Little Gaza Community Thrives As Arabic-American Mecca
The Orange County Register
ANAHEIM, Calif. - Chants in Arabic boom across the tables at Dalal Muhtadi's Jerusalem International Restaurant. Live images of Ramadan prayers from Mecca in Saudi Arabia fill the big-screen television, and occasionally, a guest nears it and joins in worship.
Muhtadi welcomes dinner guests into a Middle Eastern ambiance. A copper kerosene stove sits atop a short plaster column. Brass jugs with tulip-stemmed spouts decorate the room designed with Arabic arches.
This Anaheim restaurant is an Arab community center, sitting in a shopping plaza where most of the dozen stores are Arab-owned, in an area called Little Gaza.
On Brookhurst Street near Ball Road, an Arabic salon provides a private place for Muslim women to get a haircut, a nonprofit organization works to help Middle East orphans, and a supermarket offers everything from Lebanese sesame-seed paste to sweetened vanilla from Malta.
As the small Orange County Muslim community grows - estimates range up to 200,000 - some hope the businesses will help erase Arab stereotypes, promote goodwill, offer understanding of Arab ways and be a conduit for Arab involvement in civic and political life.
Prominent in the nucleus of this growing Arab enclave is Sami Khouraki's grocery store. "Shoppers, welcome to Al Tayebat Market," the Syrian immigrant announces over the store's intercom. He wishes a "Ramadan Mubarak" or a blessed holiday to shoppers in his bustling store with narrow aisles jammed with food from all over the Middle East, Far East and many European countries.
Ramadan is Islam's holy month when Muslims fast during daylight hours to mark the revelation of their holy book, the Koran, to Prophet Mohammed.
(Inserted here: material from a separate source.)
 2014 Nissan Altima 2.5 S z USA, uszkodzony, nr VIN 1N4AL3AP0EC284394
Going into the grocery business 15 years ago in a county with few Arab-Americans, the religious Khouraki, 54, took a gamble. "There were no Middle Eastern stores in Orange County," recalls Khouraki, 54. "It was very risky business, but the investment was not too much and with the help of Allah, we felt such a business would prosper."
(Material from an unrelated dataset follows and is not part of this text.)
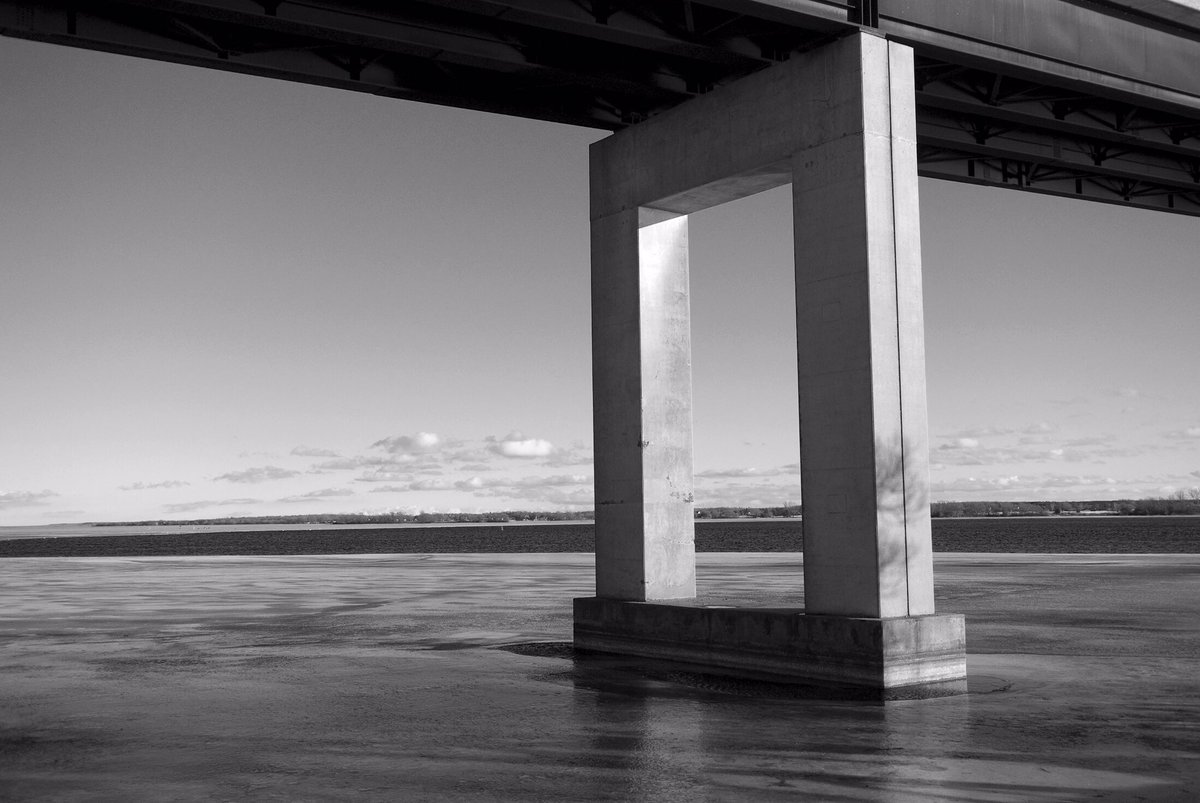 BrnMeech's tweet photo. Belleville Bay Bridge #bayofquinte #princeedwardcounty #pec https://t.co/iWtKKrKlDf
In the past five years, Arabic signs have sprouted on marquees, advertising more markets, books, insurance, dresses, haircuts, music and videos.
Some Arab Americans say California's weather - similar to much of the Middle East - drew them to Orange County. Others say good schools, places like the Islamic Society of Orange County, stores like Khouraki's and a growing sense of community lured them.
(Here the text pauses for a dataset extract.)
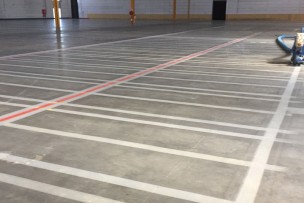 Belijning verwijderen betonvloer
When Jerusalem Restaurant opened in a shopping center, about a block north of Al Tayebat, most other stores were empty, recalls Erin Yates, a hairdresser at First Class hair salon, one of only two non-Arab stores in that center.
Yates says the Arab merchants have been good neighbors. "We feel accepted by them, and they feel accepted by us," says Yates, 36, who occasionally has tried Arabic food.
Workers at the Jerusalem restaurant are scurrying to set up the buffet table. The eatery will likely be packed this evening as many fasting Ramadan adherants take Iftar, their daily fast-breaking meal.
A concerned Dalal Muhtadi oversees the preparations. The Saudi Arabian woman has labored to transform the eatery into a gathering place. As guests trickle in, Muhtadi, adjusting a scarf over her head, becomes the gracious hostess.
"Salaam alaikum," she nods to arriving patrons, who return the greeting, which means "Peace on you."
Muhtadi's restaurant has become a cornerstone of the area, and like it, Muhtadi's personal transformation is ongoing. From Riyadh to Orange County, Muhtadi, 36, a single mother of two, has come a long way.
Her journey from a position of subordination required of her, as it is of many women in the Arab world, to a businesswoman in America has been difficult.
Born to a well-to-do family, Muhtadi grew up in an environment that stifled women, she says. Fortunately for her, she says, she came from a family that emphasized education, which she got at a school for girls that her mother started.
Nonetheless, she grew up covered from head to toe in the garb that Arabic women are required to wear in public. Never allowed to drive, she observed the cultural rules, such as the one not permitting her to travel without a man.
Her studies after high school were interrupted by an arranged marriage for Muhtadi to an Egyptian-Palestinian man living in America, over her objections. Before age 19, Muhtadi was married and living in Rancho Palos Verdes.
A rebellious Muhtadi battled her husband's wishes to curtail her education and have her stay at home. She managed to get her bachelor's degree in biological sciences. But problems between her and her husband escalated, and Muhtadi sought divorce. She moved to Yorba Linda and got a university master's degree in public health. "With divorce came my freedom," Muhtadi says.
Not planning to be in the restaurant business for too long, she wants to concentrate on expanding a nonprofit organization she helped found with a mission to reach orphaned and needy children in the Middle East.
But for now, she's trying to build community spirit through her eatery. "We're starting the nucleus for an Arab-American town," says Muhtadi.